Checking the results for the 20 first prime numbers.

In [12]:
cp_primes(20)

[2, 3, 5, 7, 11, 13, 17, 19, 23, 29, 31, 37, 41, 43, 47, 53, 59, 61, 67, 71]

In [13]:
%timeit cp_primes(1_000)

877 µs ± 9.93 µs per loop (mean ± std. dev. of 7 runs, 1,000 loops each)


In [14]:
%timeit cp_primes(10_000)

76.3 ms ± 508 µs per loop (mean ± std. dev. of 7 runs, 10 loops each)


There is virtually no perfomance difference between the two forms of syntax.

## Dynamic memory allocation

The cython implementation can be improved by adding dynamic memory allocation for the array `p`.

### Classic syntax

In [15]:
%%cython
from libc.stdlib cimport malloc, free

def c_malloc_primes(int kmax=100):
    cdef int n, k, i
    cdef int *p = <int *> malloc(kmax*sizeof(int))
    result = []
    k, n = 0, 2
    while k < kmax:
        i = 0
        while i < k and n % p[i] != 0:
            i += 1
        if i == k:
            p[k] = n
            k += 1
            result.append(n)
        n += 1
    free(p)
    return result

Checking the results for the 20 first prime numbers.

In [16]:
c_malloc_primes(20)

[2, 3, 5, 7, 11, 13, 17, 19, 23, 29, 31, 37, 41, 43, 47, 53, 59, 61, 67, 71]

This has no noticeable impact on performance.

In [17]:
%timeit c_malloc_primes(1_000)

797 µs ± 5.49 µs per loop (mean ± std. dev. of 7 runs, 1,000 loops each)


In [18]:
%timeit c_malloc_primes(10_000)

76.9 ms ± 1.03 ms per loop (mean ± std. dev. of 7 runs, 10 loops each)


### Pure Python syntax

In [19]:
%%cython
import cython
from cython.cimports.libc.stdlib import malloc, free
def cp_malloc_primes(kmax: int):
    n: cython.int = 2
    k: cython.int = 0
    i: cython.int
    p: cython.p_int = cython.cast(cython.p_int, malloc(kmax*cython.sizeof(cython.int)))
    if kmax > 10_000:
        kmax = 10_000
    result = []
    k, n = 0, 2
    while k < kmax:
        i: cython.int = 0
        while i < k and n % p[i] != 0:
            i += 1
        if i == k:
            p[k] = n
            k += 1
            result.append(n)
        n += 1
    free(p)
    return result

In [20]:
cp_malloc_primes(20)

[2, 3, 5, 7, 11, 13, 17, 19, 23, 29, 31, 37, 41, 43, 47, 53, 59, 61, 67, 71]

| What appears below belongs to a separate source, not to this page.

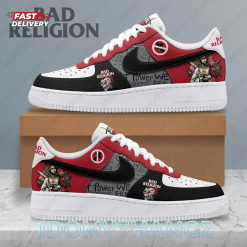 Bad Religion Power Air Force 1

This has no noticeable impact on performance.

In [21]:
%timeit cp_malloc_primes(1_000)

880 µs ± 9 µs per loop (mean ± std. dev. of 7 runs, 1,000 loops each)


In [22]:
%timeit cp_malloc_primes(10_000)

76.2 ms ± 242 µs per loop (mean ± std. dev. of 7 runs, 10 loops each)


Although there is no difference in performance, this version is more flexible.